Code Pink is now limping along and the media is largely ignoring them. This is consistent with how they are treating stories broken by Fox News.

The fact that these scandals are surviving at all may make for concern in some national leaders.

Time for “mo better” sock puppets.

IlikedAUH2O on June 16, 2013 at 5:57 PM

“That’s what Mueller was trying to tell him.”

Two days ago Mueller was an incompetent buffoon regarding the IRS investigations,today Morrissey is trying to pass him off as being misunderstood by Nadler. What are the odds that Mueller inadvertently told Nadler the truth the first time and they’re now trying to cover for this putz? Considering Mueller’s credibility, I’d say pretty good.

lowandslow on June 16, 2013 at 5:58 PM

You are better off going back to your previous rants about how your mother loves servicing your trailer park buddies. At least you made some sense back then

HotAirLib on June 16, 2013 at 2:08 PM

Sounds like you’re doing a little “projection” there, hal.

Are you still upset about being abused by the “uncles” your mom brought home from the bars?

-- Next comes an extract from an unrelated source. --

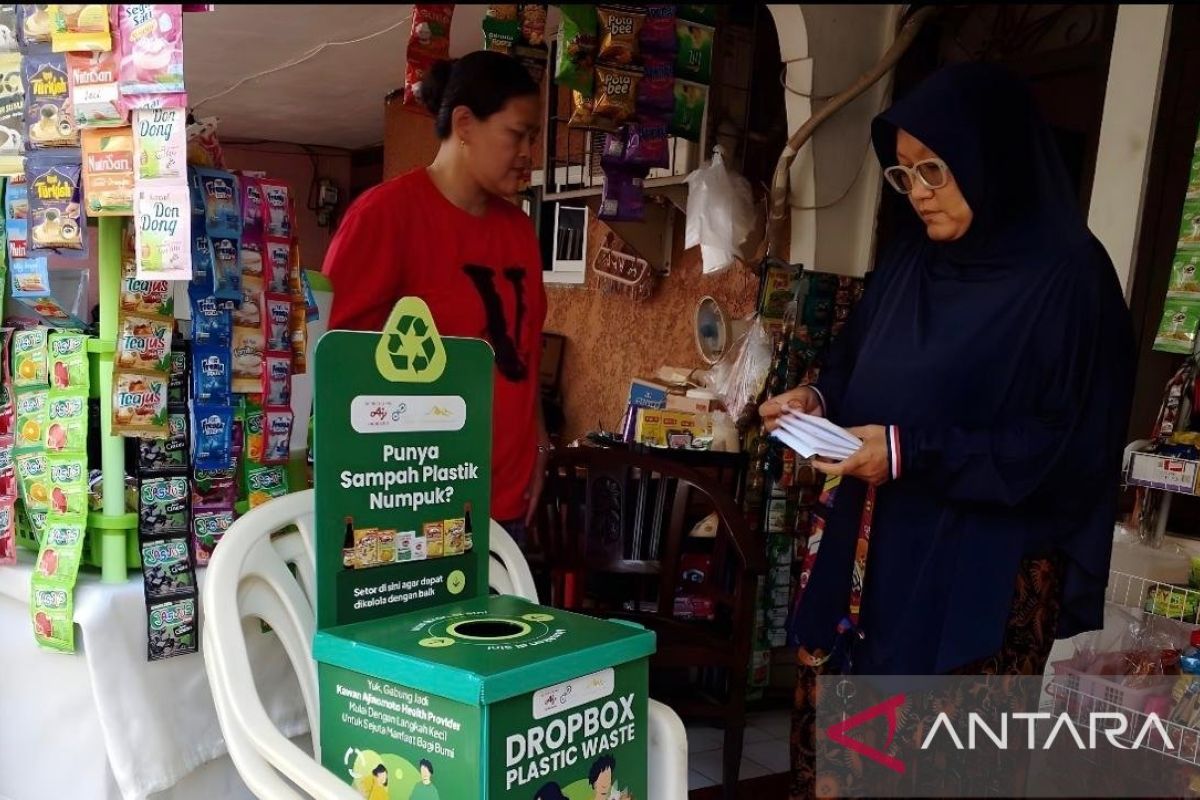 Industry steps support government efforts to minimise plastic usage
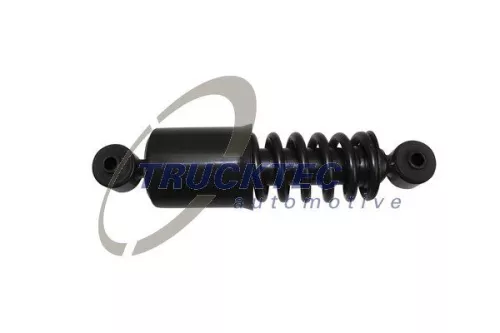 TRUCKTEC AUTOMOTIVE Shock Absorber, driver cab suspension (01.63.035)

Time to let it go, hal…and sing Daisy for the folks.

Solaratov on June 16, 2013 at 6:07 PM

Ignore that troll..It does as trolls do …nothing more.

CW on June 16, 2013 at 6:18 PM

bluegill on June 16, 2013 at 5:38 PM

I agree. Bunch of hypocrites on here. If a Republican was in the white house the idiots on here would be shouting for his execution.

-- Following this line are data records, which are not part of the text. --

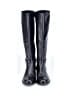 MICHAEL Michael Kors Black Boots Size 8 1/2 - photo 2
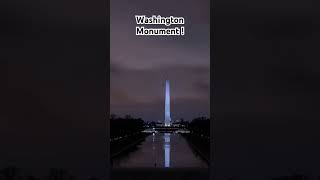 Top 5 Hidden Secrets Inside the Washington Monument You Never Knew [upl. by Anaud]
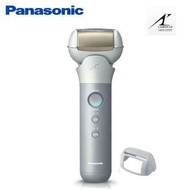 【Panasonic 國際牌】日本製三刀頭充電式水洗美顏電鬍刀 ES-MT22-S -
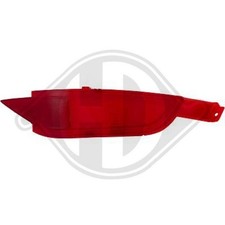 Rückstrahler Diederichs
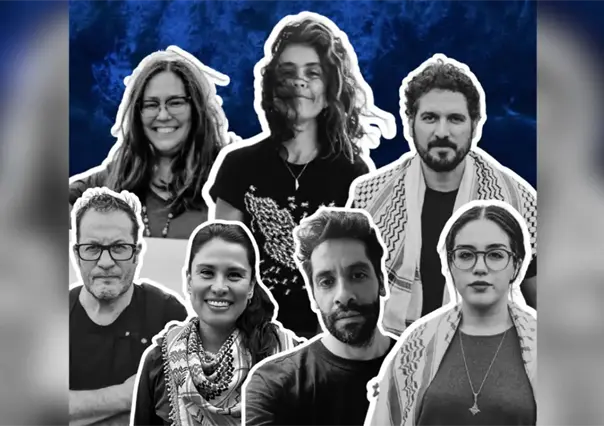 Flotilla Global Sumud: mexicanos serán repatriados voluntariamente desde Israel, confirma SRE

The Notorious G.O.P on June 16, 2013 at 6:18 PM

GOP’ers, this is what you were warned about when you were all supportive of The Patriot Act. You were duly warned, and you called those who warned you “nutjobs.”

Fools

You have nothing to complain about

The GOP will betray you

True_King on June 16, 2013 at 6:25 PM

When did the HotAir comment section become filled with tinfoil hat-wearing conspiracy theorists?

bluegill on June 16, 2013 at 5:06 PM

Why, bless your heart, lil Nellie Olsen.

Solaratov on June 16, 2013 at 6:30 PM

Rest assured, those in charge of the NSA are every bit as honest and upstanding as those running the IRS.

VorDaj on June 16, 2013 at 7:00 PM

About time he put the story straight. Even in an emergency situation, NSA would need approval from the Justice Department (FBI) to conduct an intercept of a US citizen’s communications. It is *ILLEGAL* for NSA to monitor the communications of citizens on its own. It can conduct such an intercept only if requested to by FBI or at the approval of the FBI. NSA is under the Department of Defense and their mission is to protect the US against foreign threats. They are not a police force.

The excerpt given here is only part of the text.